男人轉身,站到視窗,伸手到外面,像撫摸一件寶貝似的用指尖輕觸著外溫暖的光線。

Light站在那裡,一動不動,一聲不吭。保持沉默是light的強項。

“你怎麼不說話?”男人暗啞的聲音響起。

“先生的字可以教我嗎?”light盯著那些奇奇怪怪的字型。想學。

他總是對各種新鮮的東西好奇,充滿了慾望。

“不可以!”男人冷冷拒絕,突地回眸,“你想學左邊的還是右邊的?”

“左邊的。”左邊的字型剛勁有力,大氣磅礴。

“我只教右邊。”

“……”light。

男人走過來,彎腰低眸瞅著light的小黑眼,雙手背在身後,臉龐靠著light的大眼,“你媽叫什麼?你爹叫什麼?你爺爺叫什麼?你奶奶叫什麼?你外公叫什麼?你外婆叫什麼?兄弟姐妹叫什麼?”

呃?light淡淡的黑眸盯著眼前放大的臉,“你叫什麼,老先生?”

“我老麼,嗯?我才比你年長几歲!不老!”男人摸著light的臉蛋和下巴,瞪起濃眉大眼,“怎麼沒鬍子?”

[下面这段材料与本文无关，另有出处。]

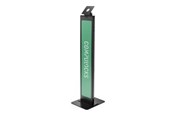Monitorbevestiging - Compulocks BrandMe stand - for tablet enclosure - brandable - black - with Lighting Kit - 140BLK01-EU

“……”light瞅著男人,呼呼呼,這是什麼情況?又多一個古怪的老男人。

“現在,我教你寫字。過來!小子!”男人低眸命令。

Light走了過去,男人抱起他,放在椅子上,握著毛筆在一張宣紙上速度劃拉過一筆,light都沒看清,幾個漂亮的字型已飛舞在眼前……

“帥!酷!”lihgt還是第一次誇別人。對宙斯西爵他也只是欣賞而已。可對眼前的男人簡直是崇拜!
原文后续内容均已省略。